U.S., Japan, Australia, and India to Track Illegal Chinese Fishing

Japan, India, Australia, and the US agreed Tuesday to launch a satellite-based maritime initiative at the Quad Summit in Tokyo to monitor Chinese illegal fishing.  

“We’re looking at capabilities that will continue to track shipping” when vessels fishing illegally turn off electronic identifiers, US Indo-Pacific coordinator Kurt Campbell said.  

Indian media Economic Times reported that the initiative would use satellite technology to create a tracking system for illegal fishing from the Indian Ocean and Southeast Asia to the South Pacific by connecting existing surveillance centers in Singapore, India, and the Pacific region.  

“We believe that in the next couple of weeks, we are going to, through various institutions, announce a major set of capabilities designed to improve maritime domain awareness,” Campbell said. 

According to reports, several countries in the Indo-Pacific region have expressed concerns over China’s vast fishing fleet, which often violates exclusive economic zones and causes Economic losses and environmental damage. 

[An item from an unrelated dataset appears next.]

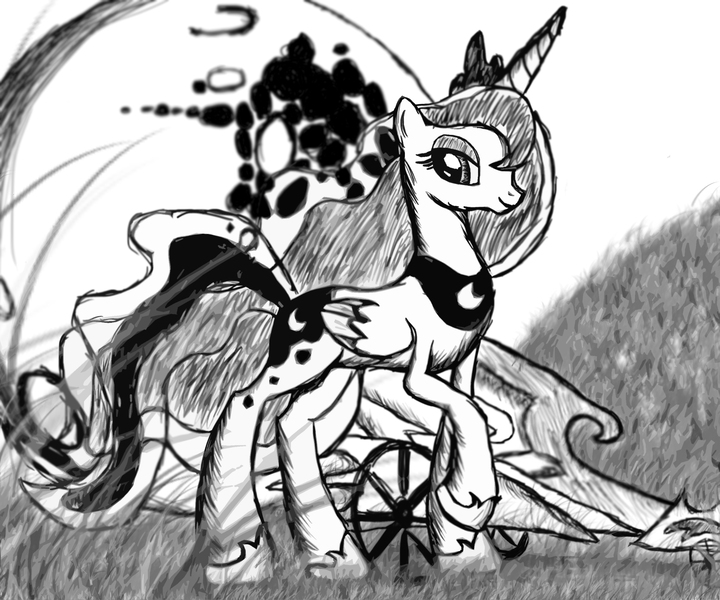 Size: 3000x2500 | Tagged: artist:lethal-doorknob, chariot, monochrome, moon, princess luna, safe, solo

But China claimed it has been cooperating internationally to clamp down on illegal fishing and has argued that it is a responsible fishing country that fishes in relevant exclusive economic zones according to bilateral agreements. 

The US Coast Guard has called on China to exercise more responsible control over its vessels as illegal fishing has topped the global maritime security threat, outpacing piracy.